Well, there are some obvious reasons for this shift in purchasing behavior, namely a lack of financial resource. Many members of Gen-Y are unemployed or underemployed; at a rate far above that of Gen-X and the Baby Boomers. They are also coming out of college with massive amounts of student loan debt, and are faced with the dilemma of investing for their future or paying off the exorbitant amount of debt they have created in their short lifetime. Nowhere in that decision-making process does ‘adding even more debt’ by purchasing a new vehicle make much logical sense. Now some will still argue that Gen-Y does have strong spending power & potential, and in many ways, that is a valid argument. Roughly 30% of Gen-Y is moving back home with their parents after college, which does give them some more financial flexibility. However, as an automaker, it’s more important to consider not the real spending power of the generation, but the perceived spending power that they have for themselves. What I mean to say is that even though Gen-Y may have the ability to spend money on new items such as a car or a home, they don’t feel as though these are sound investments, and would prefer to spend more conservatively just in case something happens and they no longer have a source of income. Last year, I bought a brand new car, nothing flashy (Nissan Altima), or too expensive, but it was still a nice little chunk of change. The thought of losing my job and still having to pay a few hundred dollars per month for the foreseeable future on a car (that I have nowhere to go with) would be a fairly frightening scenario.

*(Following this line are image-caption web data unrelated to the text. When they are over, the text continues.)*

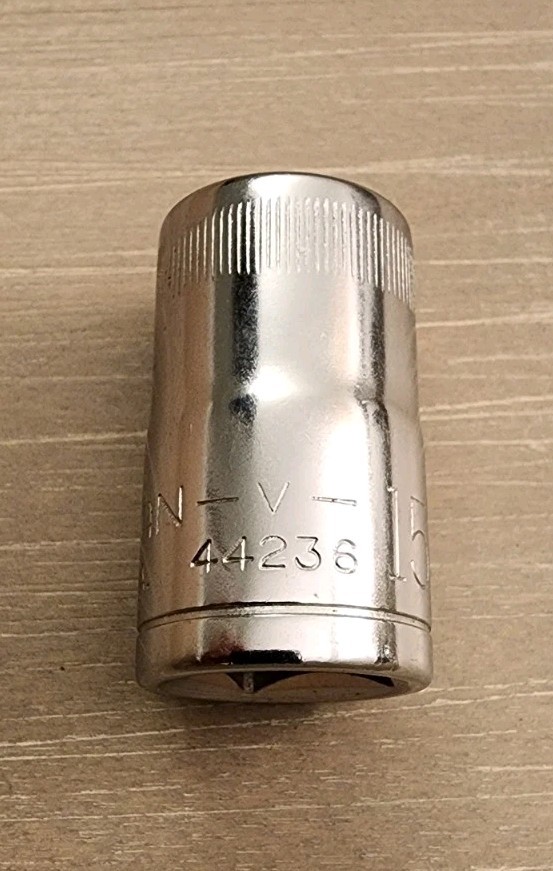 Craftsman 15mm Socket 12 Point 1/2″ Drive V 44236 (Top Knurl, Tapered)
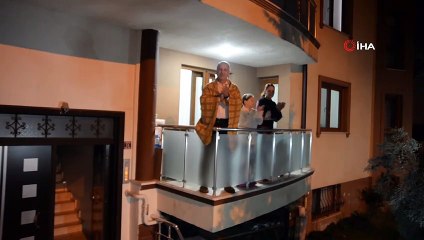 Başkan Babaoğlu ailesi ve komşularıyla birlikte alkış gönderip, vatandaşlara seslendi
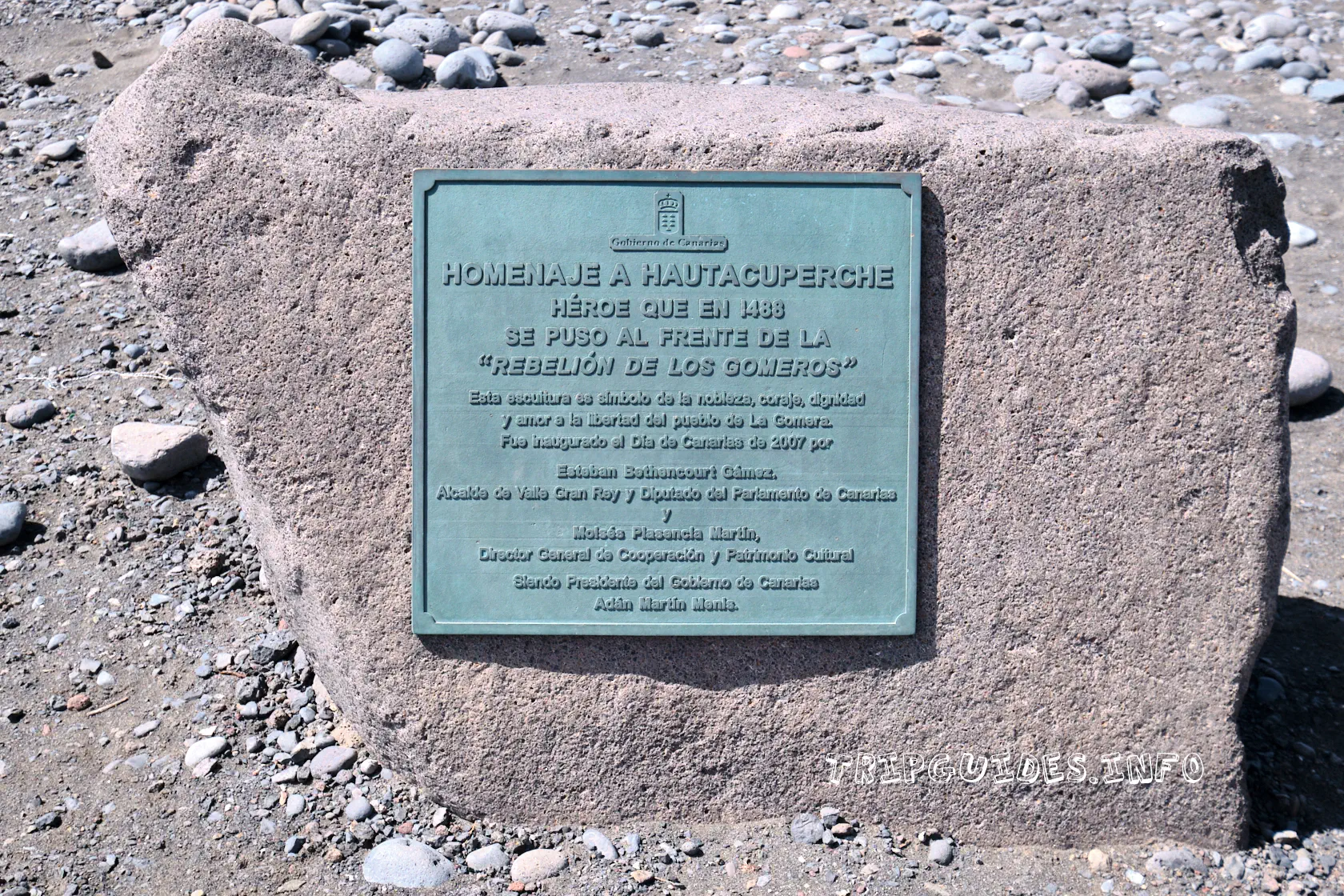 Мемориальная табличка к статуе Хаутакуперче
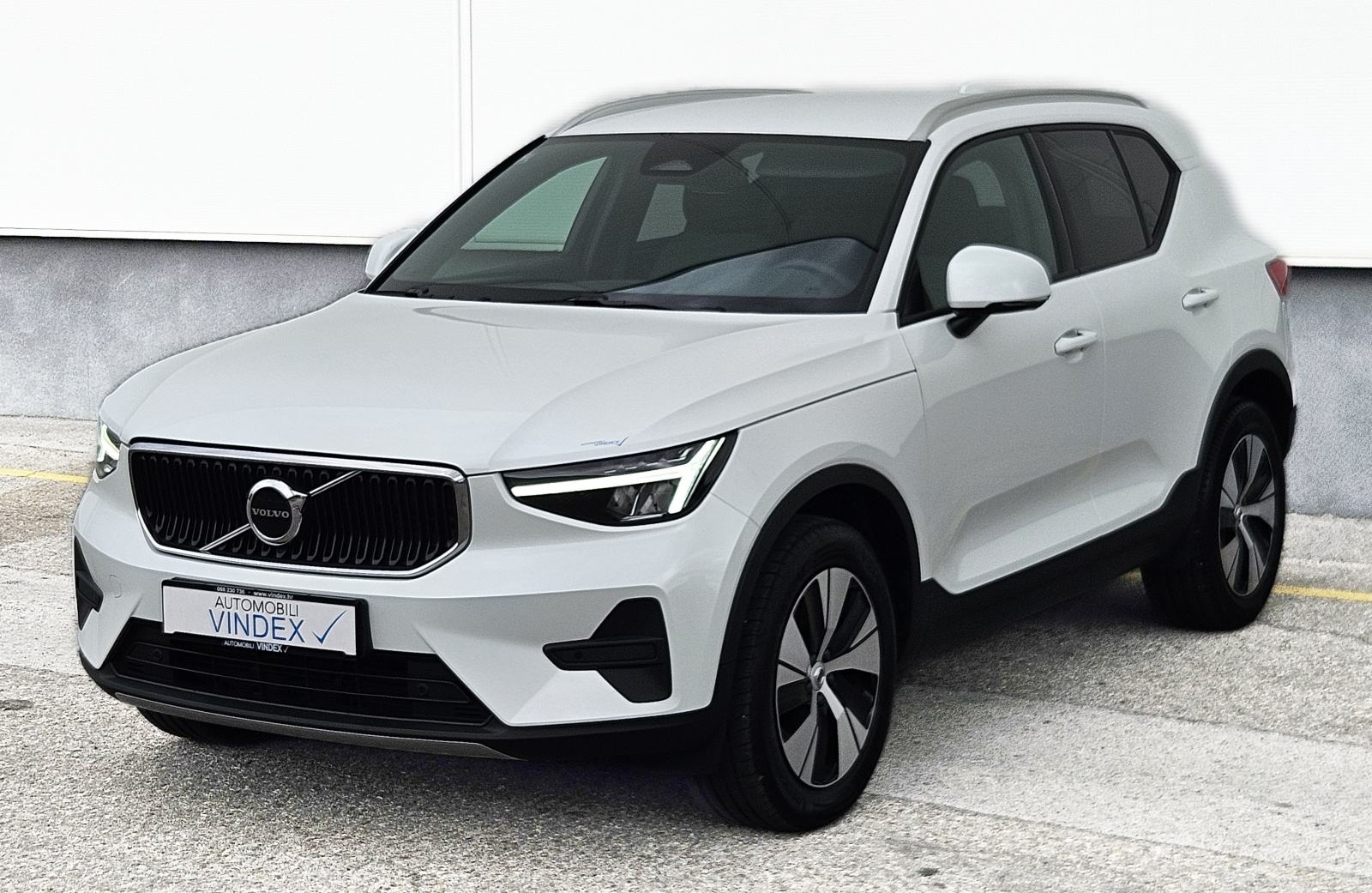 Volvo XC40 B3 2,0i - 23500 km PDV, fotografija 3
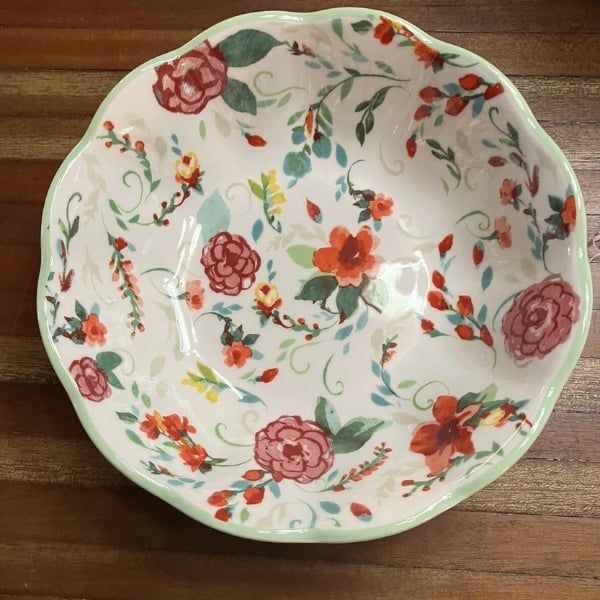 Bộ 4 đĩa sâu lòng The Pioneer Woman Painted Meadow 19cm Thiết kế sống động : Bộ sản phẩm lấy cảm hứng từ phong cách cổ điển với họa tiết hoa lá rực rỡ bên trong.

This is a generation that grew up watching their parents lose their jobs, their homes, and their personal savings. They are by-and-large much more conservative investors than their older counterparts, and tend to delay milestone events that carry financial commitment, such as marriage or the purchase of a home. I don’t know who came up with this notion, but I’ve often heard that you should be prepared to have to live off of your savings for at least 3 months. Well, for Gen-Y, that number is probably much higher. As they continue to be unemployed or underemployed for 6, 8, 12 months after graduation (Student loan payments often start kicking in 6 months after the date of graduation) they are preparing to have to live off of savings for much longer than the young professionals of the past.
And the financial burden isn’t the only issue facing automakers. As the article points out, more young people are living in cities, where cars aren’t as practical. Also, not mentioned in the article, young people are more conscious of both their personal health and the health of the environment, which encourages them to walk and bike more often in lieu of driving everywhere. So, what can automakers do? Well, they can start as GM has done by attempting to create younger ‘looking’ cars, with colors such as lemonade, denim, and techno pink. But colors alone won’t sway the youthful shopper. Car companies have to convince Gen-Y that owning a new car is a practical and safe investment, by creating cheaper, smaller, more urban-friendly options. They must focus on developing hybrid technology, and infusing new technology into vehicles that make cars more than a mode of transportation. The challenge is large, but with the right insight, automakers may be able to crack the code to this ‘walking generation.’